+++ DATASET +++
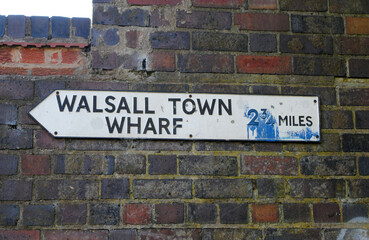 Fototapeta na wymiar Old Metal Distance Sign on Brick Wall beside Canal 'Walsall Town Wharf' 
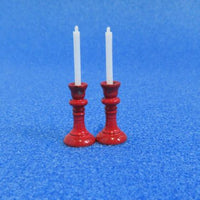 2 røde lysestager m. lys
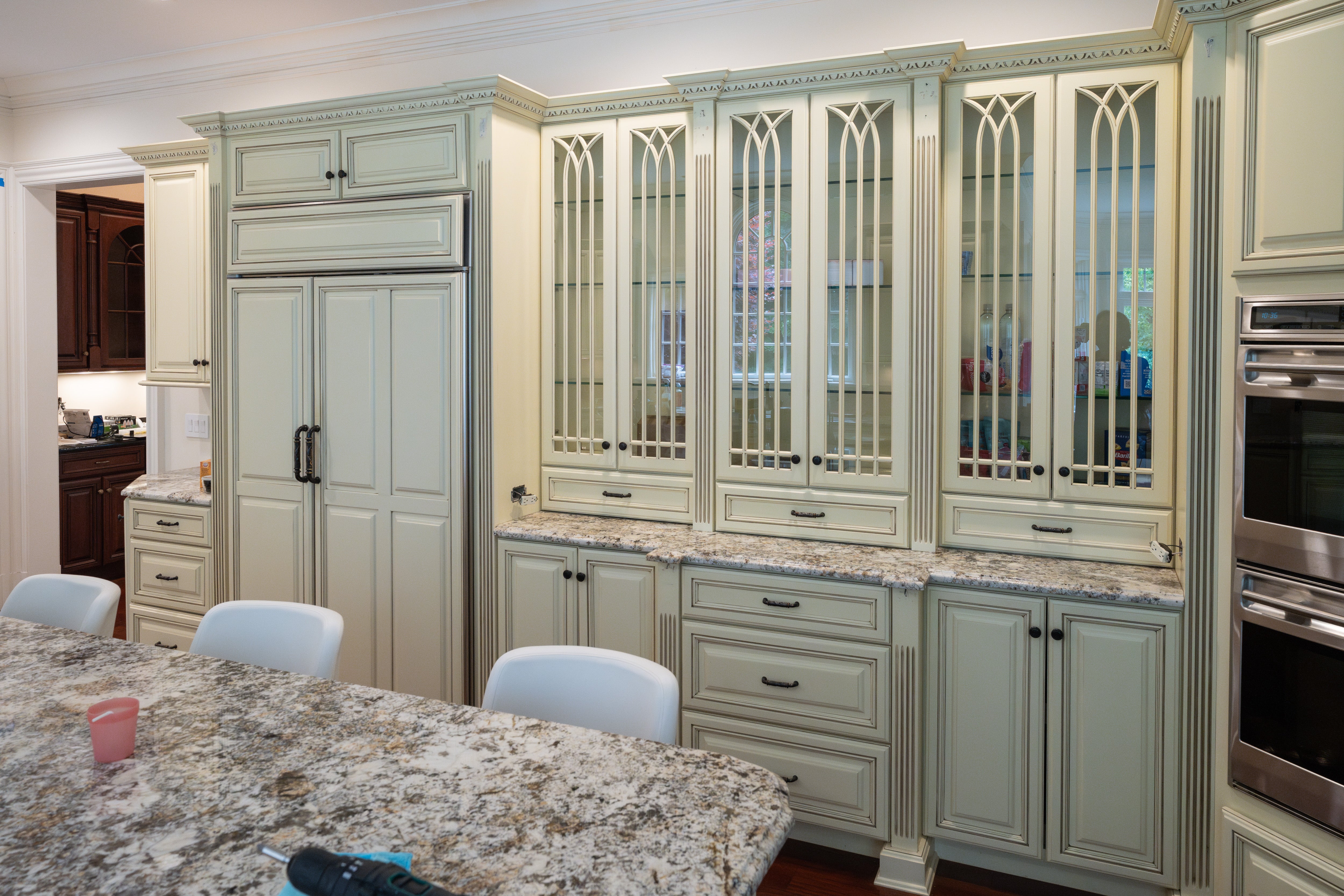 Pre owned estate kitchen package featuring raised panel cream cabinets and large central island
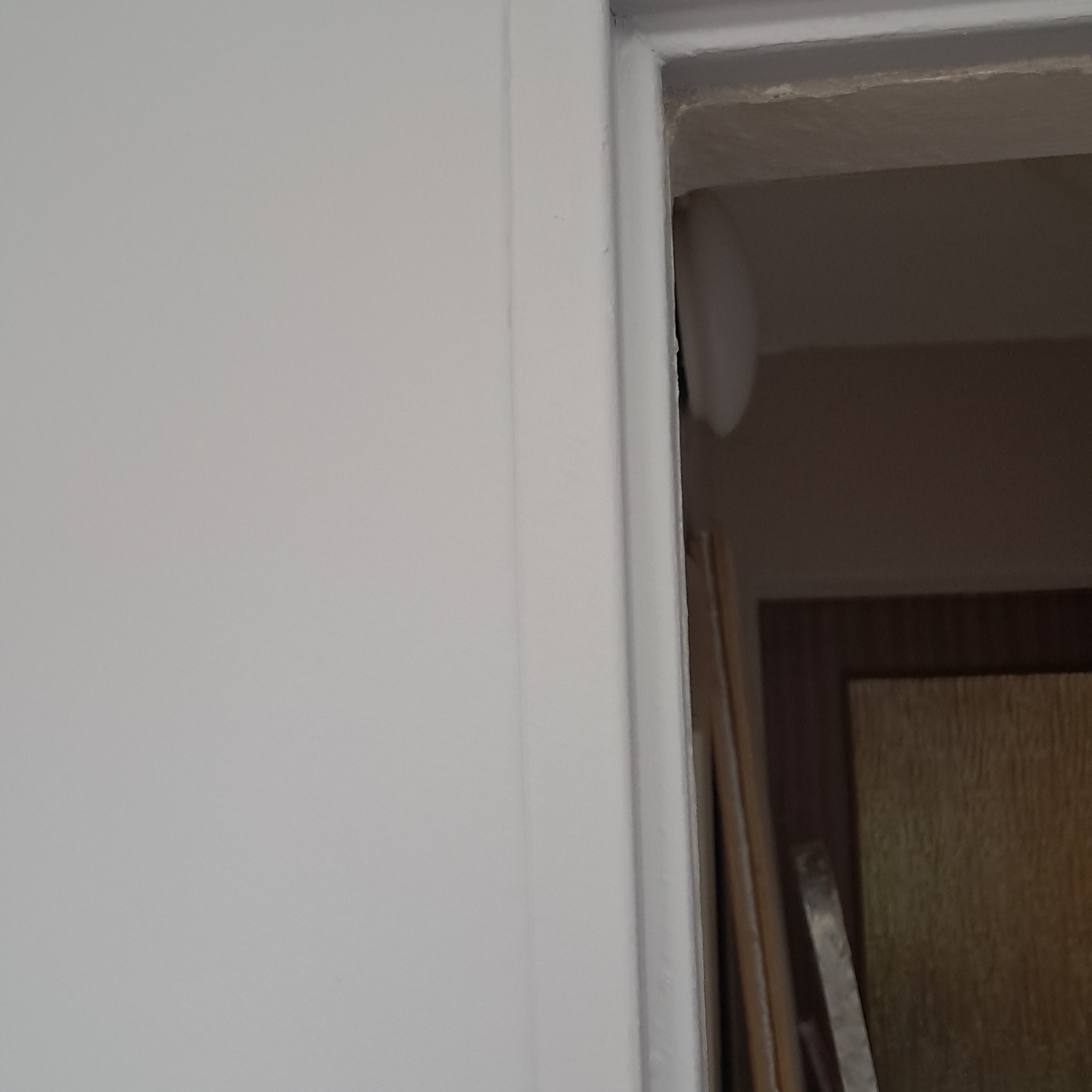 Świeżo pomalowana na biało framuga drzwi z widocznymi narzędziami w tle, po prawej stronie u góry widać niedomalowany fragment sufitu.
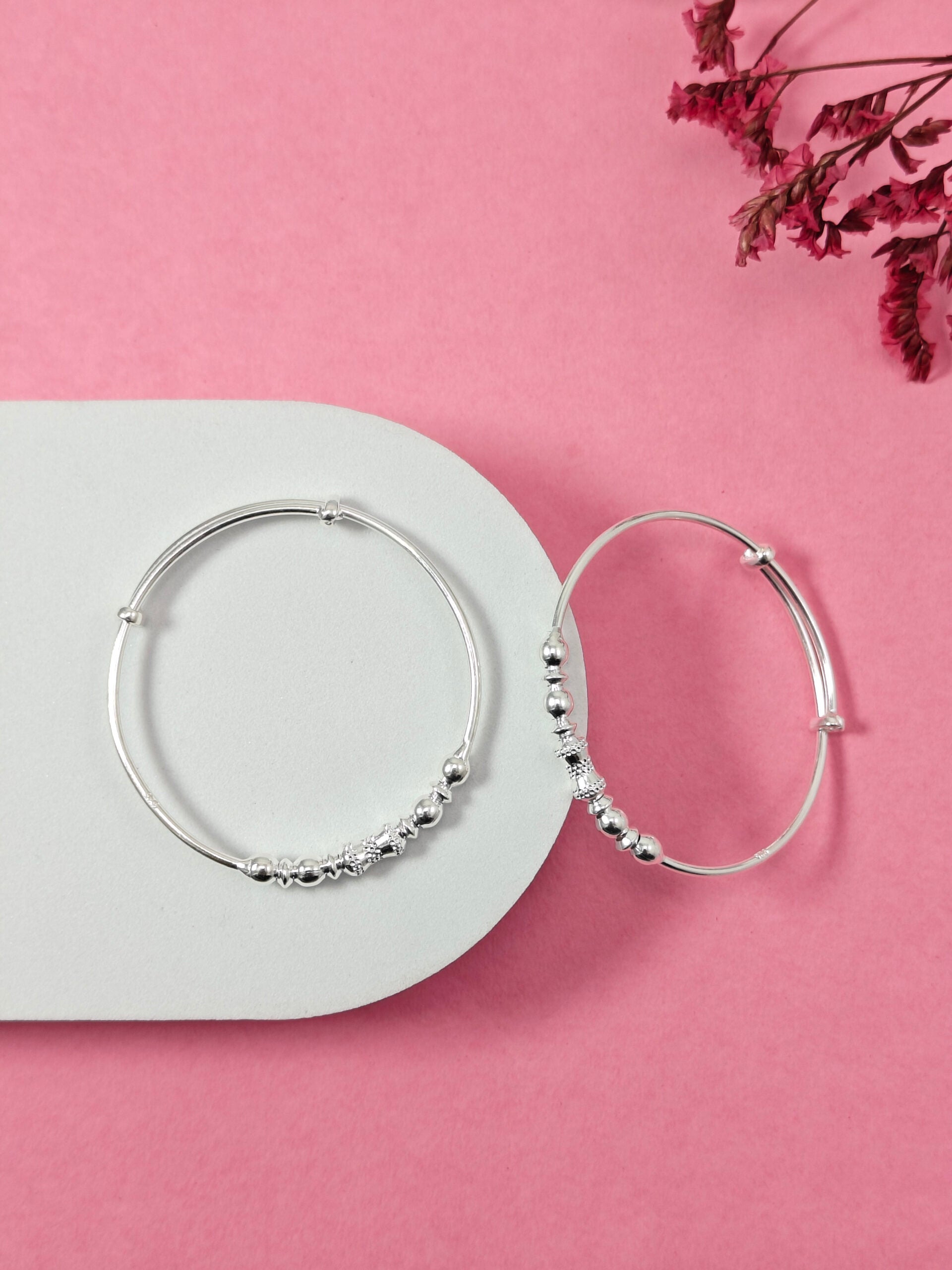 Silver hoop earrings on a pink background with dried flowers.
+++
▶ _EXERCISE GOAL_: Every record must be copied exactly, with the pictures left out.

▶ _RESULT OF THIS TASK_:
 Fototapeta na wymiar Old Metal Distance Sign on Brick Wall beside Canal 'Walsall Town Wharf' 
 2 røde lysestager m. lys
 Pre owned estate kitchen package featuring raised panel cream cabinets and large central island
 Świeżo pomalowana na biało framuga drzwi z widocznymi narzędziami w tle, po prawej stronie u góry widać niedomalowany fragment sufitu.
 Silver hoop earrings on a pink background with dried flowers.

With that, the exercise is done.